The Jays went down 1-2-3 in the second; the Pirates loaded the bases with no outs on a trio of singles. Big inning? Nah. A Jordy Mercer 6-3 DP plated a run but killed the frame. Toronto went down without a score in the third; the Bucs went ahead. With one down. Neil Walker doubled, Cutch followed with an RBI knock and Pedro singled. Big inning? Nah. Gaby rolled into an around the horn DP.
The Blue Jays regained the lead in the fourth on a Juan Francisco double and Colby Rasmus dinger. Pittsburgh opened with back-to-back knocks. Big inning? Nah. Mercer again banged into a DP, this time 4-3. He has the grounder up the middle, where he's being played, down pat.
In the fifth, Jose Reyes singled, stole second and came in on a Jose Bautista double. The Kid opened the Bucco half with a ground rule double; it just missed leaving the park and stock in the padding of the wall. Cutch singled him home and stole second. Big inning? Nah. A pop up and two weak grounders ended the frame.
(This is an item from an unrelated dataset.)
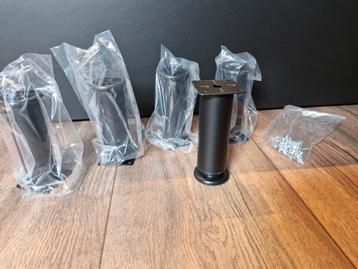 5 nieuwe zwarte meubelpootjes verstelbaar in hoogte  beschikbaar voor biedingen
It became a battle of the bullpens in the sixth. Justin Wilson gave up a hustle Baltimore chop double to Brett Lawrie, then fell behind 3-0 to the next two batters, but came back to get them. Not so with pinch hitter Steve Tolleson, who tripled to the Infinity sign in right center. The inning ended with just one Jay run after Pedro made a diving grab of a Reyes smash. Steve Delabar came in for Toronto. With two down, Travis Snider singled, Tabata doubled and Walker was hit in the back foot by a pitch. That ended up a break for the Jays, as the ball was ticketed for the backstop, and was big when Cutch bounced out to short.
Casey Sadler finally got his call in the seventh. He was nervous in his debut and fighting the strike zone, but outside of a two out walk, put up a goose egg in his first MLB inning. The Bucs left Marte aboard in their hlaf; he singled with two down against Brett Cecil. Sadler gave up his first big league hit, a leadoff single to Lawrie, and stranded him at third by picking up his first two big league K's. Cecil tucked the Bucs away in order.
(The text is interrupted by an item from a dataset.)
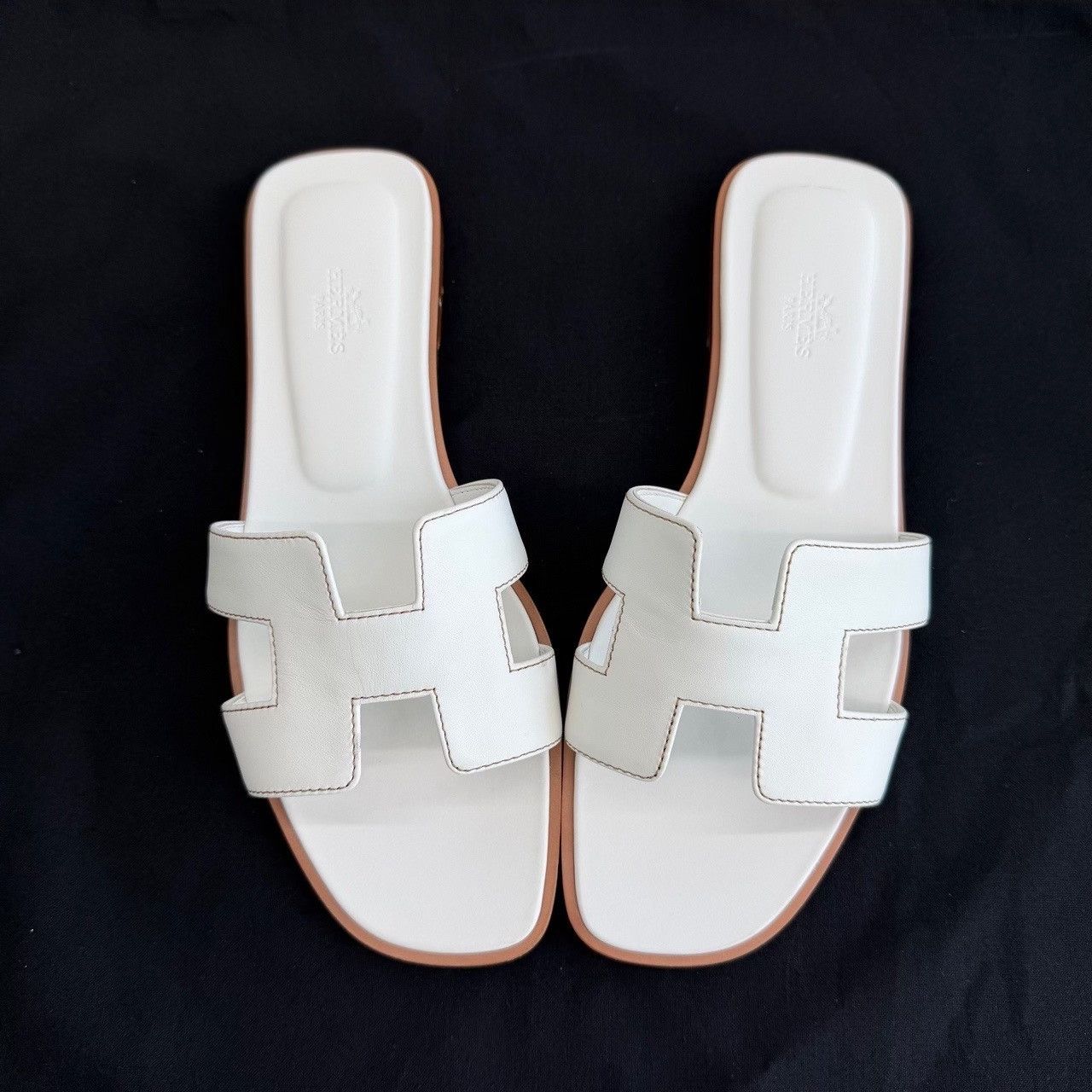 Hermes Hermes White Sandals us_8-5 Women Size US 8.5 / IT 38.5 - 9 Thumbnail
Mark the Shark pitched a scoreless ninth, and Sergio Santos, the oddball closer, came on. He had an ERA of over eight, and like Morrow is a high strikeout, high walk guy. He gave up a bloop single to Walker, then K'ed Cutch on a slider. Pedro decided to do something the Bucs had all but removed from their attack; he lost a fastball over the ketchup sign, and the Bucs had a tie game. Ike Davis flew out, and then Marte came up and blasted a high heater over the wall in center, and the Pirates had an improbable 6-5 win over Toronto.
Well, long overdue. Let's see if this starts something while the season is still in hand. Francisco Liriano takes on knuckleballer RA Happ tomorrow.
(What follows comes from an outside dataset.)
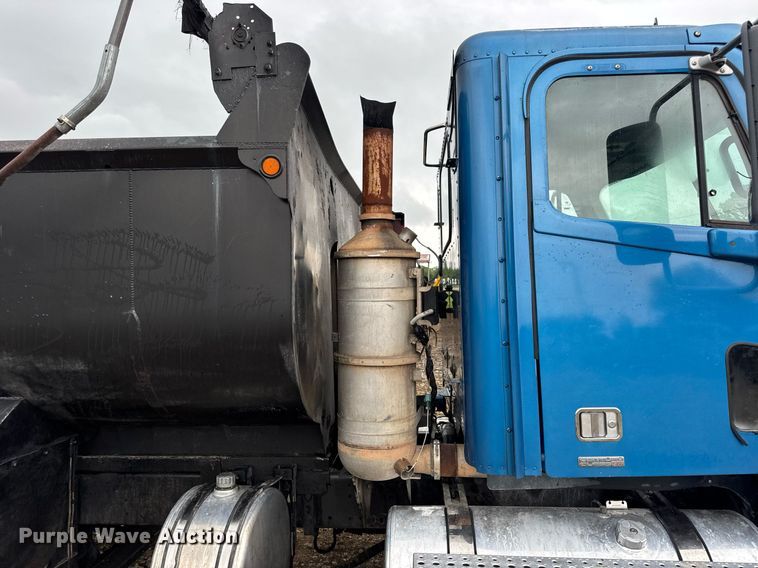 image for item DV4161 2008 Freightliner Century Class S/T dump truck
- For Pedro, it was his first long ball since April 17th, and for Starling Marte, since April 14th. The Pirates had gone over a week and almost 300 at-bats without a homer before the ninth tonight.
- Marte had four hits; Neil Walker and Cutch three. Marte is liking batting lower in the order, it seems.
- For an offensive club, the Jays are about pitching - they're 13-1 when giving up three or fewer runs, and haven't won when surrendering more than four runs.
- Cory Giger of the Altoona Mirror noted that the Bucs featured "all homegrown talent. 8 of 9 starters played for the Altoona Curve (all but Gaby), matching most ever."
- The Pirates had a pretty nice attendance, considering everything: 24,547 was the announced crowd.